That’s easy to say for every week other than Penn State Week for Temple people. For people who say “it’s only a game; it’s’ not life-and-death” … it is life and death for us who have waited for a win over Penn State all of our lives and desperately want to see one before we go to the other side.
Thinking about all of the great Temple fans that I had the pleasure of talking to in the concourses at the Vet, Franklin Field, Temple Stadium and Lincoln Financial Field, like Steve Bumm (see No. 4 in this story), NJ Schmitty, Shane Artim and Dan Glammer, among others, who never got to see this and, of course, Mr. Katz. They are all gone and none forgotten and never had a chance to see Temple beat Penn State before going to the other side. How many more of us will pass this year with no chance to see a win next year?

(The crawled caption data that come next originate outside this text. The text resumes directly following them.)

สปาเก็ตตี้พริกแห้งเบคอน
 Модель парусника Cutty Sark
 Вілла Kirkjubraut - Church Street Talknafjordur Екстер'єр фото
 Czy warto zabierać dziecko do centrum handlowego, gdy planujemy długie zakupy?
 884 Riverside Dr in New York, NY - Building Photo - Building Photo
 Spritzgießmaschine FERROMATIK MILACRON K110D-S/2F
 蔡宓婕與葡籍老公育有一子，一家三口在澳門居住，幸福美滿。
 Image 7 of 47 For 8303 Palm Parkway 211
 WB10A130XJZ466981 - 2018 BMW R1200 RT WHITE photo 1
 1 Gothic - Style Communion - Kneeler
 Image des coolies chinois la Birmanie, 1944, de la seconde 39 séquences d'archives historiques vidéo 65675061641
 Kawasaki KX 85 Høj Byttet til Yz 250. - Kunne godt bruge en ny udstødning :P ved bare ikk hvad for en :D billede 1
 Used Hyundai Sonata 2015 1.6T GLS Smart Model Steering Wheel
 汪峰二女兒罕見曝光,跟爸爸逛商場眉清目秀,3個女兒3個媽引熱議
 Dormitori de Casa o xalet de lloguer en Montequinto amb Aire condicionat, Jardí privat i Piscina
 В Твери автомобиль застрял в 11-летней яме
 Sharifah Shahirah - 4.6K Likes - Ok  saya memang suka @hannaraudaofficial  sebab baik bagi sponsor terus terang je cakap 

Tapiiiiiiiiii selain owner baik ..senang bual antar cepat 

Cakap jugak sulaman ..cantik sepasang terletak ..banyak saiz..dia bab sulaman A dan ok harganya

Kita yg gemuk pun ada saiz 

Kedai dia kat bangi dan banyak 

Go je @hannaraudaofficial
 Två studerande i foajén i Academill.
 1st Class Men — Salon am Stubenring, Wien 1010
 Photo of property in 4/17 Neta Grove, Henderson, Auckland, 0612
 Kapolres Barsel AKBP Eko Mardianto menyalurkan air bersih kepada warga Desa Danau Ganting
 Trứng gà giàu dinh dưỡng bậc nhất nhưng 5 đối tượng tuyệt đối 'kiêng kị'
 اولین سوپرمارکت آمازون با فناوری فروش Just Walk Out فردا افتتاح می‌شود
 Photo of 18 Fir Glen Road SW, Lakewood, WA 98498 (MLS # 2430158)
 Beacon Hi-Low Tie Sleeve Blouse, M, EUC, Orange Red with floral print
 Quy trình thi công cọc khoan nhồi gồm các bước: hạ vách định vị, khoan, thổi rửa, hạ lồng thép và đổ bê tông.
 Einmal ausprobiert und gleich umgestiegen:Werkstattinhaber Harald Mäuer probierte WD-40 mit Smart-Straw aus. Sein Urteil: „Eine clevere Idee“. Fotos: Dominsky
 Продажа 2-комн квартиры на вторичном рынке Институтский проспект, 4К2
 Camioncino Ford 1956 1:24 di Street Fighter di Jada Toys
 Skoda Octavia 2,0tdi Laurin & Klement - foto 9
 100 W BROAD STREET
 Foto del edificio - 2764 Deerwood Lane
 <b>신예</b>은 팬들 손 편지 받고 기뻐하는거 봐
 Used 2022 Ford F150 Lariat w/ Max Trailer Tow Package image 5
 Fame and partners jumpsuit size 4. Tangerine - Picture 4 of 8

This win is much more than for a chance to participate in a bowl game. It is for the respect of an entire city and state. Philadelphia has been force-fed PSU football coverage for 50-plus years when they already had a hometown team. The day Temple beats Penn State will be the day you stop seeing Temple students wearing PSU sweatshirts on campus. It is the day you will finally hear Temple football talked about on the radio and television stations.
So, for all those reasons, it is life and death. The Penn State game is much more than a game for Temple people and it has been for 73 years and it will be until the day Temple beats Penn State and hopefully that day is just a few hours away.
I think it is and I don’t think I’m looking through Cherry-and-White-colored glasses this time.
For all of the mismanagement on offense, Temple’s defense—particularly its defensive line—will win this game. Temple has an athletic and quick defensive line and Penn State has largely an inexperienced group of offensive linemen (and thanks to the Penn State fan who sent us that information). These guys are not walk-ons, but they’ve struggled. If Temple’s defensive line does what it did against Vanderbilt—with four SEC starters returning from a team that went 9-4 in the best conference in America—the Owls should win this game. We are not asking the Temple defensive line to do something it is not capable of doing or has not done before.
On offense, what the Owls have is a lot of really good players with unique skills who are not being put in the best position to win. Temple should not be struggling to score 13 points against the likes of Houston, UCF and Memphis. Temple has two potentially great blocking fullbacks in Kenny Harper and Marc Tyson and it rarely uses them that way. Temple has a potentially great tailback in Jahad Thomas and it rarely uses a fullback block at the point of attack to spring him for big gains. Temple has a potentially great tight end in Colin Thompson and rarely throws him the ball. Temple has at least two offensive linemen who will be playing on Sundays—Dion Dawkins and Kyle Friend—and rarely use those two with Thompson and Tyson running interference on toss sweeps to Thomas that could open up that entire offensive arsenal.
Speaking of that arsenal, Temple has a change-of-pace tailback who runs the ball well in space—Jamie Gilmore—and rarely uses him that way but fans jump all over him when he drops a catchable bomb when they should be jumping all over the coaches instead. Keith Kirkwood (his OC called him Kirkland on a radio interview), John Christopher and Romond Deloatch—guys with magnets for hands and stick-em rubbed all over those magnets—are rarely thrown but instead target too many guys who do drop balls. The Owls have an extremely talented rollout quarterback, P.J. Walker, who they try to make a dropback passer far too much.
Owl Conundrum:
Temple gets no WR separation
or QB protection in those
formations but stubbornly
roll those formations out
week after week and wonder
why it struggles to score
This offense is a cluster-bleep of trying to fit good square pegs into horrible round holes.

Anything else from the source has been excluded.